Miguel Egler


I am an Assistant Professor in the Department of Philosophy at Tilburg University. I have wide-ranging interests in epistemology, philosophy of mind, political philosophy and metaphilosophy. So far, most of my research has focused on debates about the epistemic norms that govern philosophical inquiry. I am currently developing elements from previous work to investigate the epistemology of deliberative democracy.

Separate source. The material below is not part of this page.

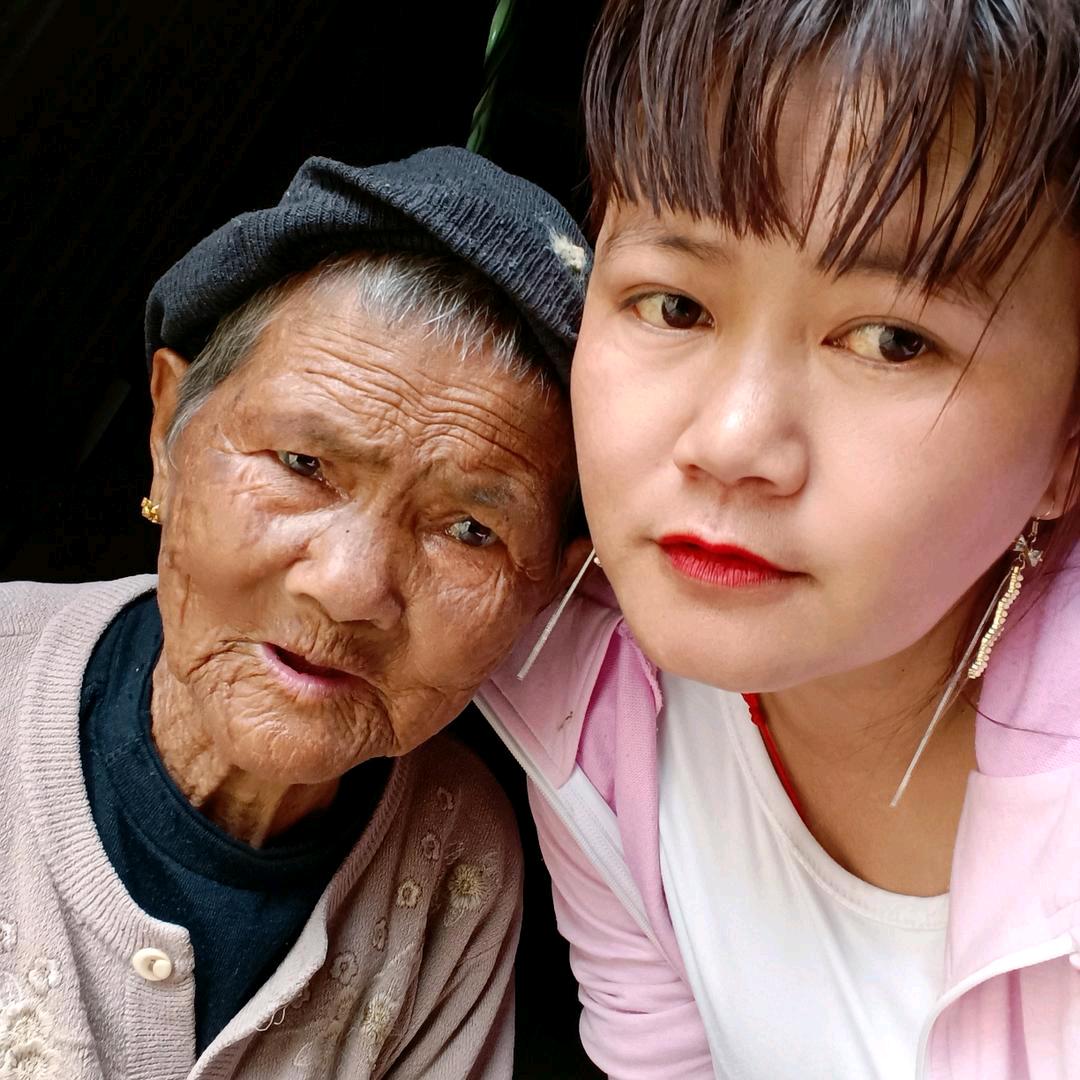 德昂族宇婷婷(请勿连赞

(drafts available upon request)

  • Title Redacted (Under Review)

Argues that a version of the problem of perceptual presence arises for phenomenalist views of intuition.
  • Title Redacted (Under Review)

Argues for a novel enactivist view of intuitions
  • Title Redacted (Under Review)

This paper first identifies a major flaw in current epistemic arguments for deliberative democracy. It then argues that recent work on the nature of implicit biases offers valuable resources with which to make better informed evaluations of the purported epistemic benefits of political deliberation. Finally, it outlines a novel approach that allows for the development of a new generation of epistemic arguments for deliberative democracy.
  • Learning to Know How (In Progress)

Stanley (2011) invokes the notion of Practical Ways of Thinking (PWT) to develop Intellectualism about knowledge how. Many have argued that it's simply not very clear what PWT amount to. I argue that theoretical work on Phenomenal Concepts and experimental work in developmental psychology offer valuable resources with which to better characterise PWT.
  • Take Two on the Taking Condition (In Progress)

I argue that research on metacognition informs philosophical debates about the nature of inferential reasoning. In particular, I show how experimental and theoretical developments in meta-reasoning help to articulate and defend the Taking Condition -- i.e., the idea that inferential reasoning requires a rational appreciation of the relation of epistemic support holding between premises and conclusions.